Question

If a function $f$ is defined as $f:Z\to Z,f\left(n\right)=\{\begin{array}{c}\frac{n}{2}:n\text{is even}\\ \frac{-n+1}{2}:n\text{is odd}\end{array}$ then prove that $f$ is onto but not one-one.

Answer 1

$f:z\to z$; $f\left(n\right)=\{\begin{array}{c}\frac{n}{2}:niseven\\ \frac{-n+1}{2}:nisodd\end{array}$

checking one-one

$f\left(2\right)=\frac{2}{2}=1$ (Since 1 is even)

$f(-1)=-\frac{(-1)+1}{2}=\frac{2}{2}=1$ (Since $-1$ is odd)

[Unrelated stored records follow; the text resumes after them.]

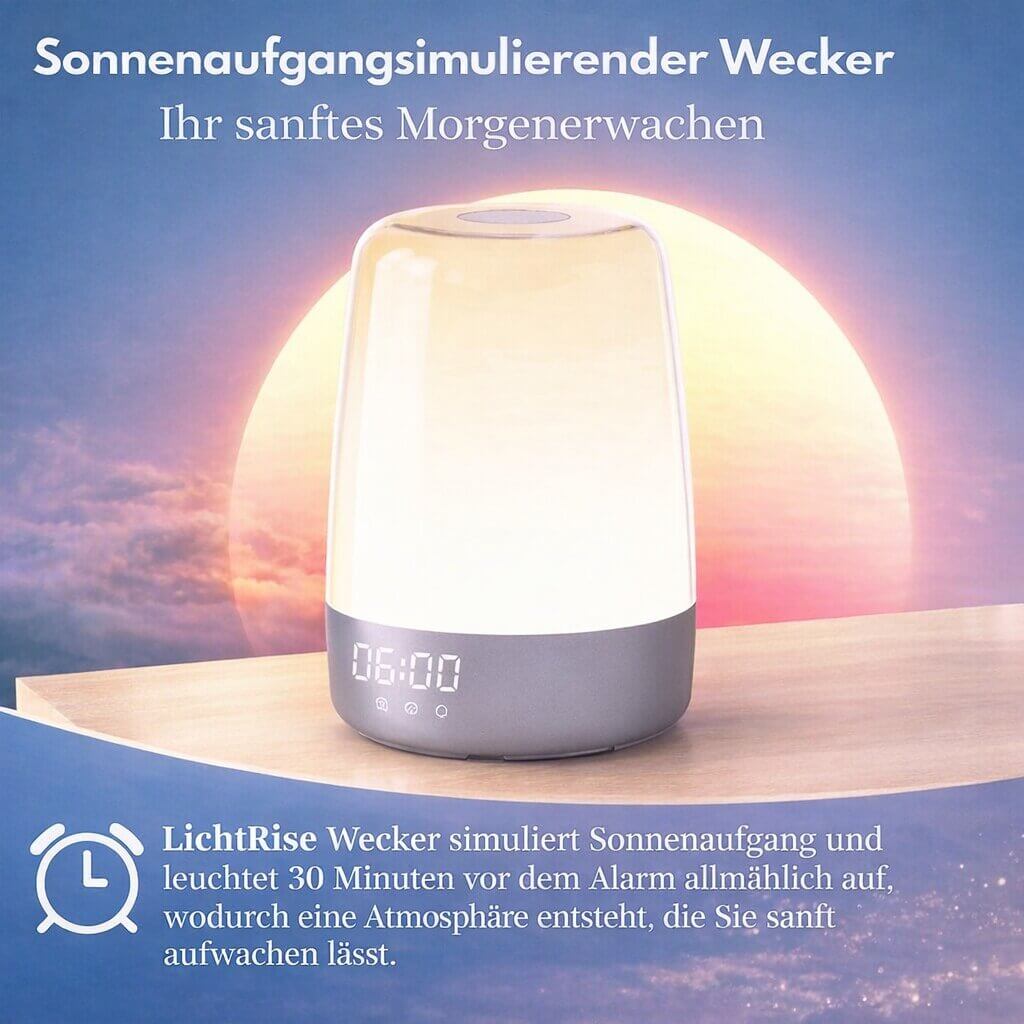 Tageslicht-Wecker | Tageslichtlampe | Wecklicht | LightRise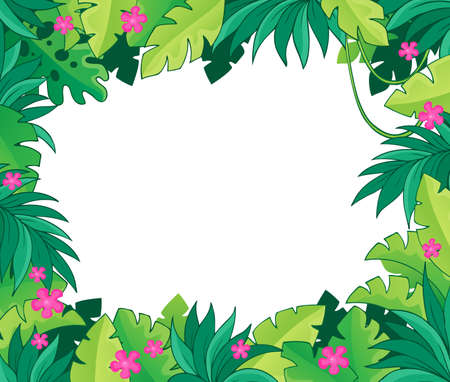 Image with jungle theme 1 - eps10 vector illustration.のイラスト素材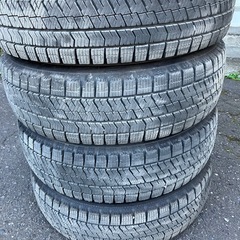 20年製 165/65r14 スタッドレス　ホイール付きの画像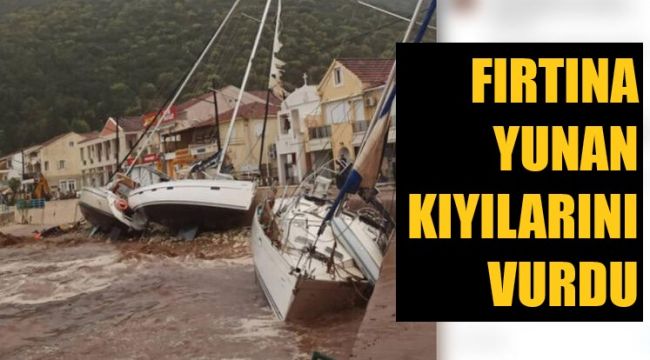 Ve kasırga vurdu, ilerliyor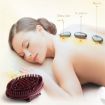 Meridian Brush Body Massager - Dark Red, Five Lines Massage Brush - 3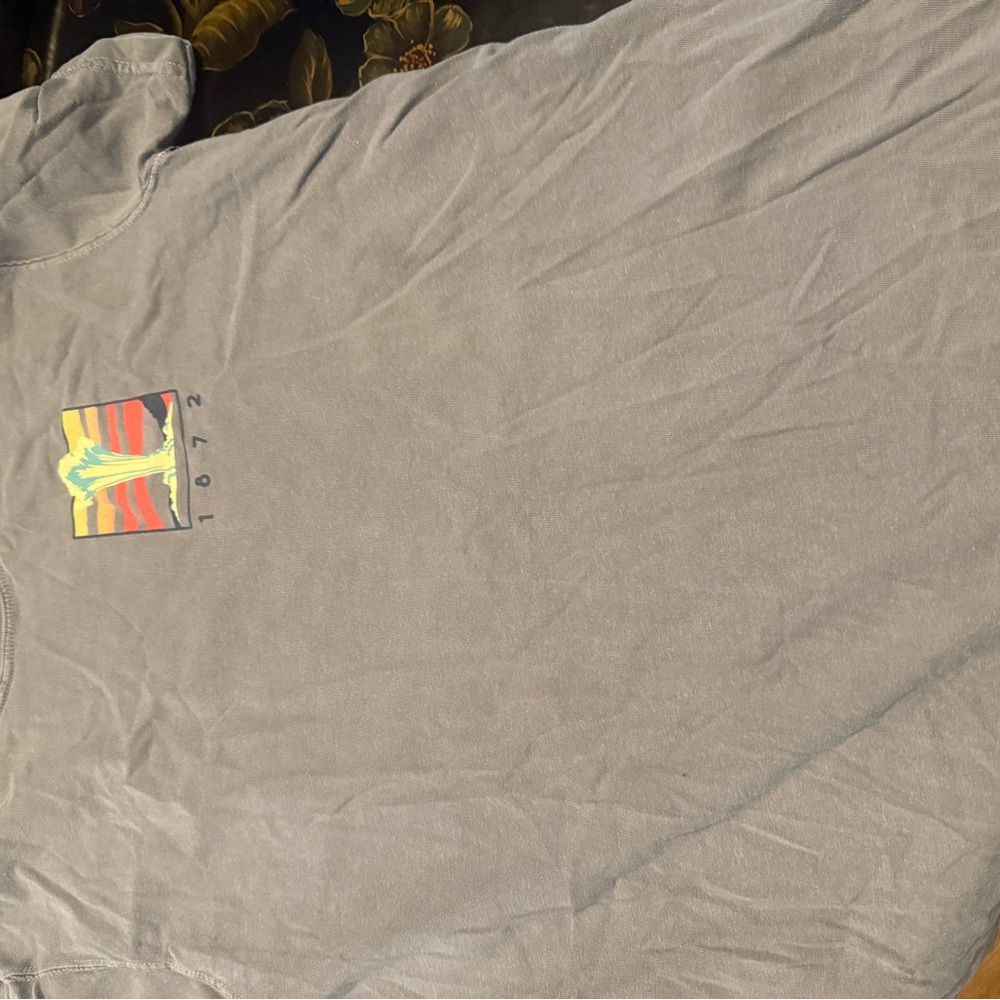 Gray T-Shirt with Yellowstone Graphic by Buzz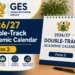 2026/27 Double-Track Academic Calendar | Form 3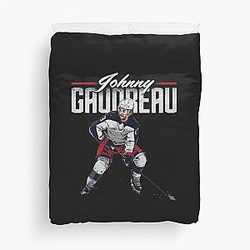 Johnny Gaudreau Columbus Duvet Cover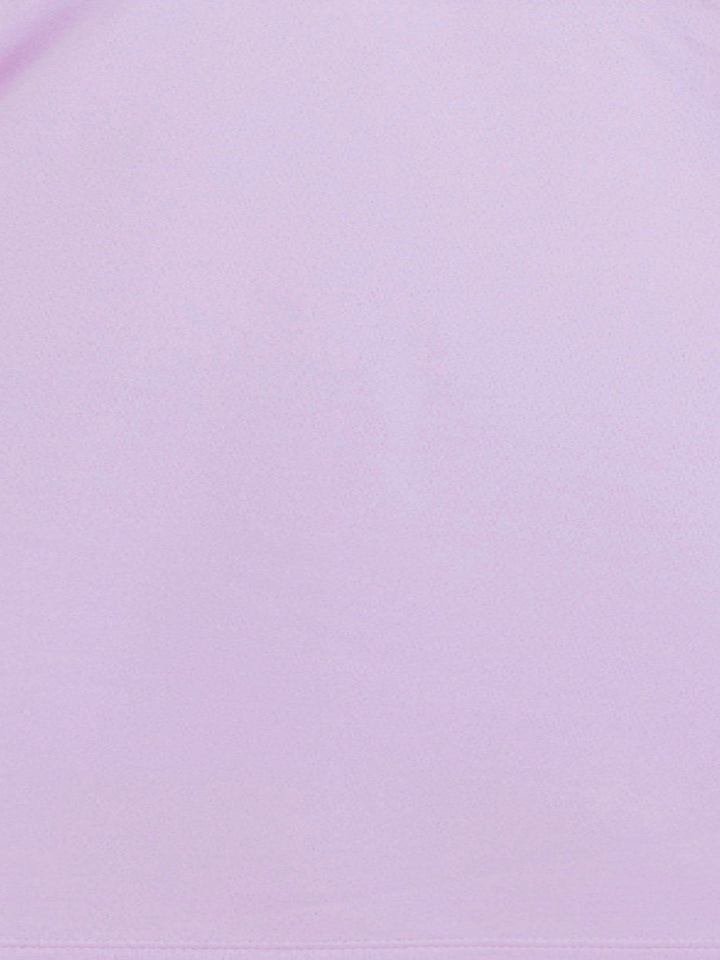 Thermo Nachthemd - uni mit Stickerei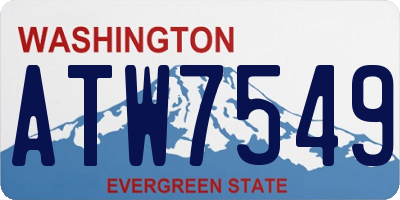 WA license plate ATW7549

Since, $f\left(2\right)=f(-1)$ but $2\ne -1$

Both $f\left(2\right)$ and $f(-1)$ have same image i.e $1$

$\therefore$ $f$ is not one-one

Checking onto

Let $f\left(x\right)=y$, such that $y\in z$

When $n$ is odd

$\frac{-n+1}{2}=y\Rightarrow -n+1=2y\Rightarrow n=1-2y$

Hence for $y$ is an integer $n=1-2y$ is also an integer i.e. $n\in z$

When $n$ is even

$\frac{n}{2}=y\Rightarrow n=2y$

Hence for $y$ is an integer, $n=2y$ is also an integer i.e., $n\in z$

Thus, $f$ is onto but not one-one.